Showing posts with label Psychology. Show all posts
Showing posts with label Psychology. Show all posts

Tuesday, May 24, 2016

Never get enough of Nips

Assalamu'alaykum so finally I am writing again on my blog. 

And I actually kind of mad to write on blog right now since it is final exams week. Oh well, just need some escape I guess. :p

I have 4 papers to go starting from 26th of May until 3rd of June. And I'm not sure if I had even 60% of the preparation. 

Keep calm...keep calm...

First paper will be on Bahasa Melayu Kerjaya on 26th of May. And guess what, I haven't revised any topics of it since I get a lil bit too much worries about the other 3 subjects. Keep remind myself that "you can't do this Ety, even it is bahasa, you still got a lot to revise"

Ok I will start tonight!

Then, one day gap, there will be 2nd paper on Science of Qur'an. On 31th of May will be Revelation as Source of Knowledge and finally on 3rd of June is Intro. to Psychology!


Science of Qur'an (SOQU)


Revelation as Source of Knowledge (RASOK)

p/s: not that rasuk (possession by a spirit) gais please lah gaisss


Intro. to Psychology

My loyal companion I call CINTA!

And finally Nips and Chocolate! A must for a revision period! Can never get enough of NIPS!

Those are some pictures and sorry for the mess. Well, messy room and desk are normal and sensible when you're a student and it's your finals time! ;p

Ok I have a lot to study and I really need to go. See you peeps again after my last paper! I have some great things to announce! teehee~!

#PrayForEty 

Thursday, April 21, 2016

What better title could've been up here?

Assalamu'alaykum.

So today is just another day. Yet the only day which I inadvertently overslept. After few months of my first semester in IIUM. I've got a class at 0830 and I woke up at approximately 0818 only after my friend knock my door really loudly.

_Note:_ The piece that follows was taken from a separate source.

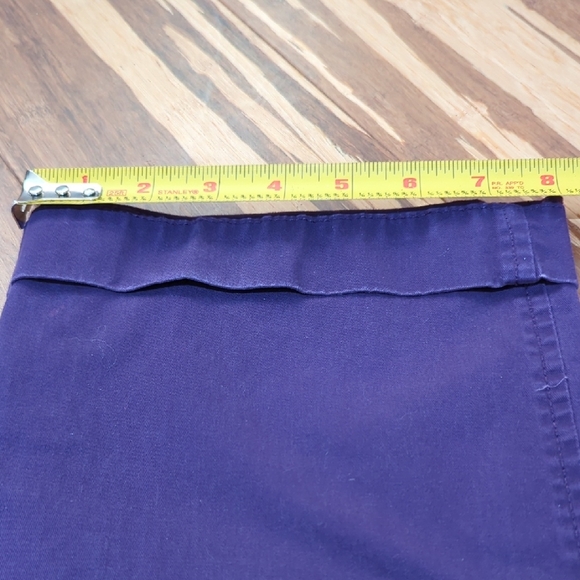 Old Navy Sweetheart Khaki Purple Grape Chino Pants - Picture 4 of 5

I have no idea how can I not waking up after the alarm at all, I mean I guess I was in a deep REM sleep that I can't even hear my alarms, which I've set it on respectively every 30 minutes started at 5.00 a.m. What could've been worse is that as I remember, I did fall asleep earlier last night. Demmit dear self.

But on the bright side is, the 0830 class is cancelled.

Mayyynnn what is this? I impressed as how my body could've known that my class will be cancelled today anyways xD

Demmit you self, you're amazing! x'D

Need to start making notes and study now as Final Exams will start just in a few weeks time.

Adios!

Friday, March 04, 2016

About Love (briefly cheesy talk)

Assalamu'alaikum~

I am, now, studying, trying to finish the chapter 4 of Psyc 1000. But things get a little bit unbearable and all I need is a break for now xD

So today, suddenly, I remember about something. That little something called love.

I remember those days when my heart's pounding for a guy. I guess, those days happened, about few years ago, when everything seems okay for a love. To be honest, yeah, I didn't feel as such for this past few years.

I remember when those feelings came, I will tell my mom. I will tell her how about my feelings, exactly almost and everything about my feelings. Nothing to be hidden from a mom I guess.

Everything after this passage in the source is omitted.